What are the 10 Most Important Things to Know Before Buying a Log Home?

You’ve decided that this is the year you are finally going to do it…you are going to build your dream log home. For years, you have believed that this day would come and it is finally here, but have you done your proper research to make sure that you are ready to make responsible decisions on what will be one of the most important purchases of your life. What do you really need to know?

  1. When choosing a log home company to provide the logs and other specialized materials to build your log home, what is the most important thing to consider? If you are building a log home, then the absolute most important decision to make is what specie of wood you will use to build this home. Let’s face it, how can there be a more important decision than the wood you will choose to build the home, it is the heart of the home. Sure, there are lots of companies out there offering “Cheap Log Home Packages” and as with everything you purchase, buyer beware. You always get what you pay for and log home materials are certainly no exception. If you pay thousands of unexpected dollars to have your completed home tented and treated for insects or repaired due to shrinkage, it was not such a bargain after all. The USDA recommends only 3 woods for building a log home: cedar, cypress, and redwood. Of these 3 woods, only cedar is an economical choice to use for building a log home. While redwood is an amazing and incredible wood, it is also incredibly expensive and difficult to find. The log home package can range well more than $100 per square foot for a “logs only package”. Cypress on the other hand is a sustainable wood similar in smell to cedar, but it must be built while the wood is wet as the wood hardens as it dries making it nearly impossible to penetrate with fasteners. Northern White Cedar is the driest wood on the stump in North America even though it grows only in swamps and must be harvested only in winter when the swamps are frozen and the logging equipment can reach the stands of trees. By National code, you are not allowed to build a deck using pine unless it is pressure treated to preserve it, so ask yourself why you would choose to build an entire log home from a wood that is not suitable for building a deck? The most important decision you will make when purchasing a log home is the wood specie you will use to construct it. No matter how cheap the pine package may seem, you will pay in the long run, and for a long time into the future.
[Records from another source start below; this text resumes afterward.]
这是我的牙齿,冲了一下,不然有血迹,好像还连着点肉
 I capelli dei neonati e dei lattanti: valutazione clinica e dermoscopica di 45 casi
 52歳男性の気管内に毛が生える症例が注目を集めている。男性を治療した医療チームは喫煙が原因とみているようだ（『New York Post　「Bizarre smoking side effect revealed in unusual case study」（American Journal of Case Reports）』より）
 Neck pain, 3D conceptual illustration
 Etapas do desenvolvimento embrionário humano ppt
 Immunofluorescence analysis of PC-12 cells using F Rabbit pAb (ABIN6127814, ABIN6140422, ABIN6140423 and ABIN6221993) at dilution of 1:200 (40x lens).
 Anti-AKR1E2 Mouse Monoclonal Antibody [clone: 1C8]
  2. The second most important decision to consider is the design of your log home. Many intricate designs with multiple roof lines can end up costing your thousands more than you expected. So, if you are on a budget, stick to a few simple roof lines, you can always add on later. Covered porches are another hidden extra cost. Obviously, a home with a simple open deck is going to cost less per square foot than a house with wrap porches on all 4 sides. I know this sounds like common sense, but I can’t tell you how many people have asked me why a larger house costs more than a smaller house and why a house with covered porches costs more than one with a simple deck. It’s a matter of mathematics folks. Additional material is not free and neither is the labor to build those additional materials into porches or a larger home. Additionally, most sub-contractors charge by the square foot, so additional square footage equals additional dollars. Another interesting side note is that smaller homes cost more per square foot than houses that are 2,500 square foot or larger. Why you ask, again it is simple math. Almost every log home we have sold in over 30 years has included several “Must Haves” … a fireplace, a whirlpool tub, etc. Consider that this fireplace and this whirlpool tube will cost exactly the same whether you put it in a 1,000-square foot home or a 3,000-square foot home. That being said, a $10,000 fireplace and a $5,000 whirlpool tub will add the same amount to the total, but in a 1,000-square foot home it will increase the total square foot price by a whopping $15, and will only increase the total square foot price by $5 in a 3,000-square foot home. Also, every home will have a kitchen and more than one bath which also add to the square foot price and impact the smaller house much more than the larger house. So, if you have an unlimited budget, let your imagination go wild. We can design whatever you wish. If you are looking to get the most bang for your buck, be sensible in your design and do not expect an intricate design with multiple roof lines and covered porches to cost the same as a simple rectangle with an open deck.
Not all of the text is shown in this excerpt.